Desta forma, as três espécies se transformaram nos Seres Dominantes do mundo, as magníficas raças dos Homens, dos Dragões e dos Gárgulas. Todos elas soberbas, de forma que era impossível não perceber a inteligência criadora do Pai Supremo quando se olhava para elas. E tão grande é o amor Dele por elas, que estas criaturas desde o começo estão destinadas a algo grandioso, pois são os eleitos, são os Seus filhos terrenos, e possuem um destino final reservado ao Seu lado. Graças aos dons recebidos, as raças evoluíram mental e fisicamente até a forma que hoje conhecemos, ganhando assim, a habilidade de mudar o mundo conforme seus desejos.
Quando atingiram certo estágio de evolução, se juntaram em pequenos clãs, depois em aldeias e vilarejos, pequenas cidades, sucessivamente até o surgimento das três primeiras civilizações, uma de cada raça, cada qual de forma diferente, mas igualmente belas.
A relativa inocência que imperava quando as civilizações surgiram era algo que resultava em grandes avanços, uma vez que a prioridade era o bem comum a todos. Tal era esta integração, que nos dias de hoje ela nos parece apenas uma fantasia surreal.
Até então que primeiro entre os Caídos, que havia muito observava a tudo do Plano de Exílio, percebeu que o Criador dedicava amor e atenção aos seres dominantes, e os invejou. Sua vigilância revelou que os espíritos dos mortais seguiam para o Plano Divino ao fim da vida terrena, e descobriu qual era o destino final deles.
Ele viu que os simples mortais teriam aquilo que ele em toda a eternidade jamais teria, ficar junto ao Criador, passando a eternidade agraciados com sua luz e em eterna evolução. Sua inveja então se transformou em um ódio tão profundo, que para os mortais é inconcebível.
O Rebelado, já que nada podia criar, decidiu destruir e corromper tudo o que o Criador amava principalmente os seres dominantes.
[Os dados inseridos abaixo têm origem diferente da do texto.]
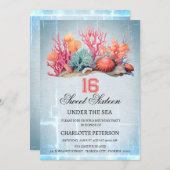 Invitation Personnaliser Sous La Mer Douce 16 Anniversaire Fê (Devant / Derrière)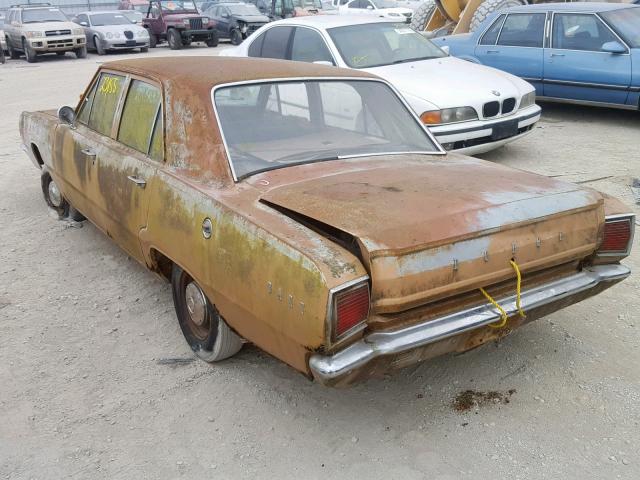 0000LL41B75161454 - 1967 DODGE DART BROWN photo 3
No entanto ele não poderia simplesmente matá-los, pois estaria mandando seus espíritos de volta ao Criador. Teria que usar toda sua astúcia e persuasão para fazer com que todos renegassem ao Criador, tal qual ele uma vez fizera.
Convocando todos o demônios do Exílio, e se voltando para os céus, ele proferiu seu desafio.
— Escutai agora, ó Pai que a mim não perdoa. Se a eternidade condenado estou a este pútrido precipício, saiba que a eternidade passarei conspirando contra Ti e tuas obras. Destruirei e deturparei tudo quanto puder e me alegrarei em Lhe infligir infelicidade. Mas de tudo o quanto fizer nada tornará maior meu prazer do que ver estas insignificantes criaturas mortais que Tu chama de filhos, serem por mim iludidas e ludibriadas, Lhe virarem as costas e me proclamarem como mestre. Sei que chorarás por cada alma que eu conseguir arrebanhar e não descansarei até que chegue o dia que o Plano Físico seja a própria extensão de minha morada — assim jurou.
O Rebelado ordenou seus súditos que tal como ele, buscassem sempre a perdição das raças. E estes, cumpririam com demasiado prazer tais ordens. Sem saber, os mortais que mal haviam florescido, já possuíam um inimigo que buscaria sua desgraça enquanto caminhassem sobre o mundo. Tempos dificílimos e com pouca esperança estavam muito próximos.